Task — Please print out the entries below unchanged and skip the images.

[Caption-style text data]
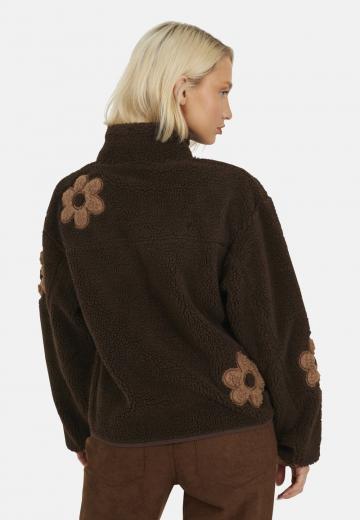 Флисовая куртка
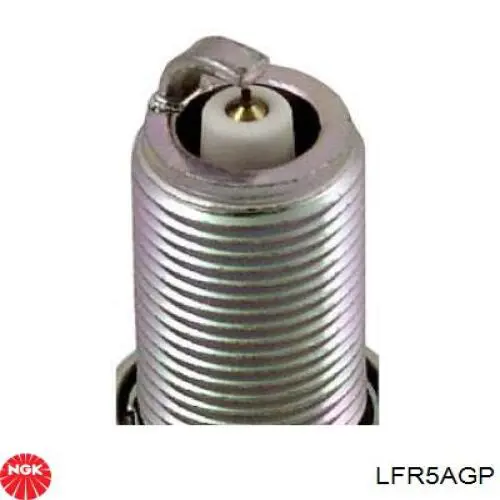 Świeca zapłonowa LFR5AGP NGK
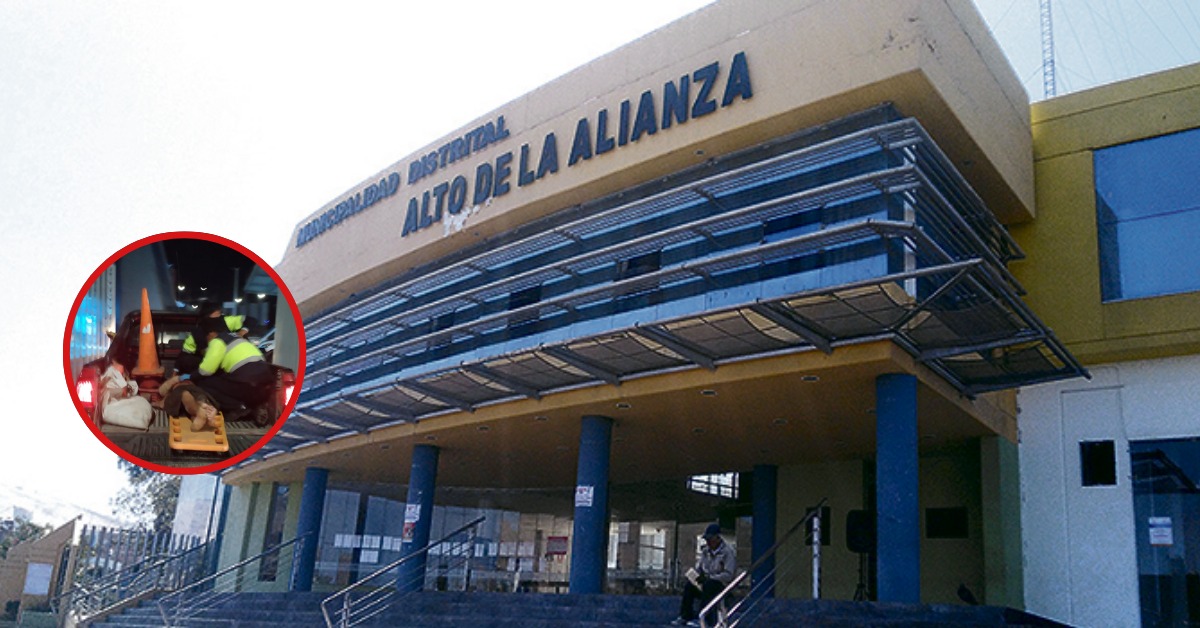 Violencia y delincuencia generan temor en Alto de la Alianza tras brutal ataque nocturno vecinal
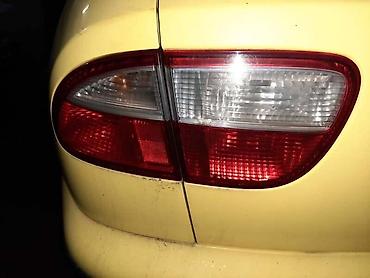 panda cacak: STOP LAMPA LEVA ZA SEAT LEON OD 2000. DO 2005. GOD. | Stop lampa — 1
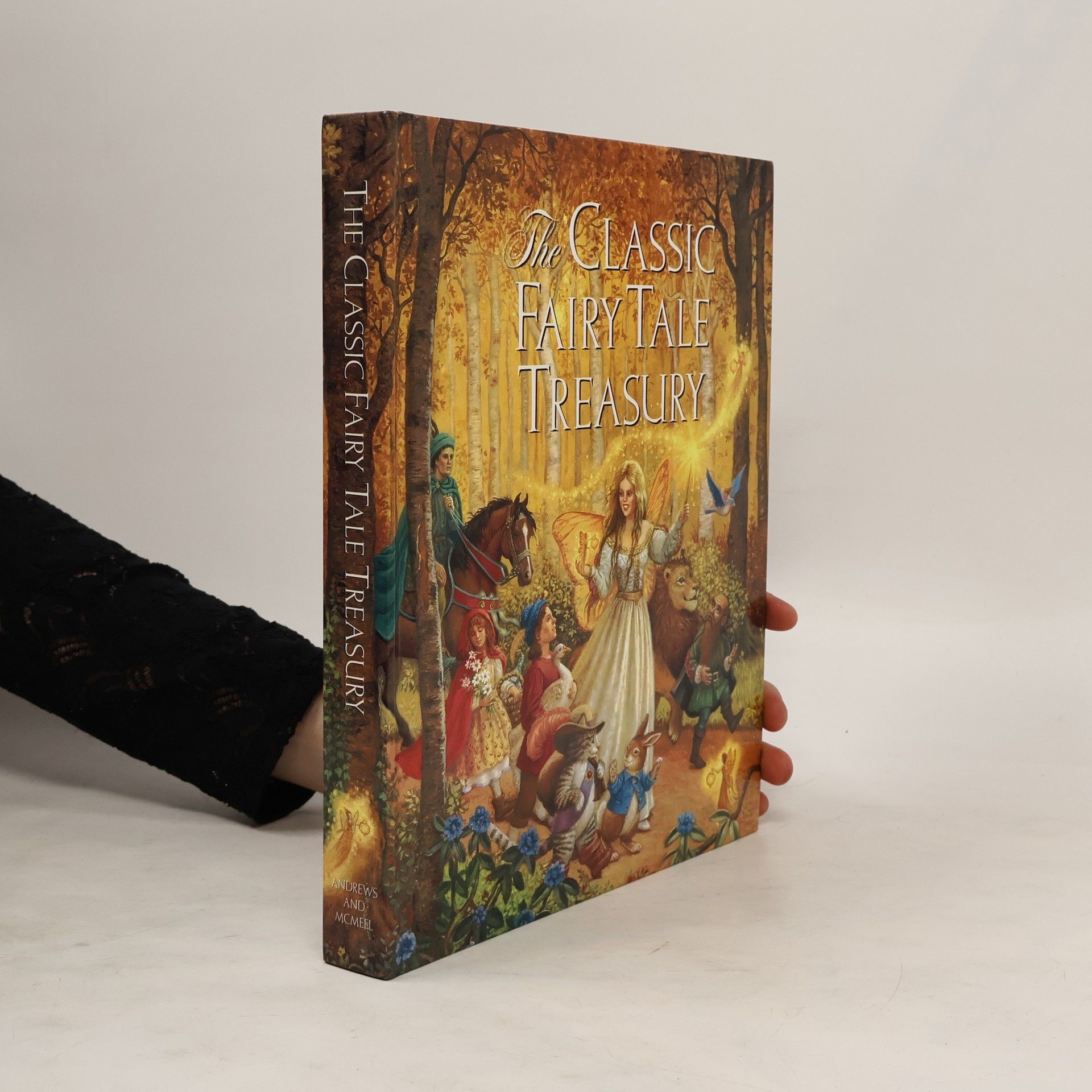 Armand Eisen The Classic Fairy Tale Treasury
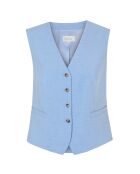 Ronita 1 himmelblaue Weste
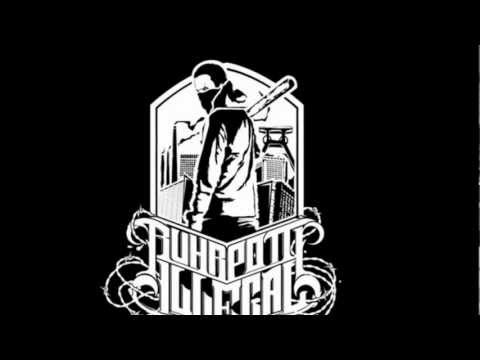 Ruhrpott Freestyle ft. Tupac - Ruhrpott 2012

Result of the task —
 Флисовая куртка
 Świeca zapłonowa LFR5AGP NGK
 Violencia y delincuencia generan temor en Alto de la Alianza tras brutal ataque nocturno vecinal
 panda cacak: STOP LAMPA LEVA ZA SEAT LEON OD 2000. DO 2005. GOD. | Stop lampa — 1
 Armand Eisen The Classic Fairy Tale Treasury
 Ronita 1 himmelblaue Weste
 Ruhrpott Freestyle ft. Tupac - Ruhrpott 2012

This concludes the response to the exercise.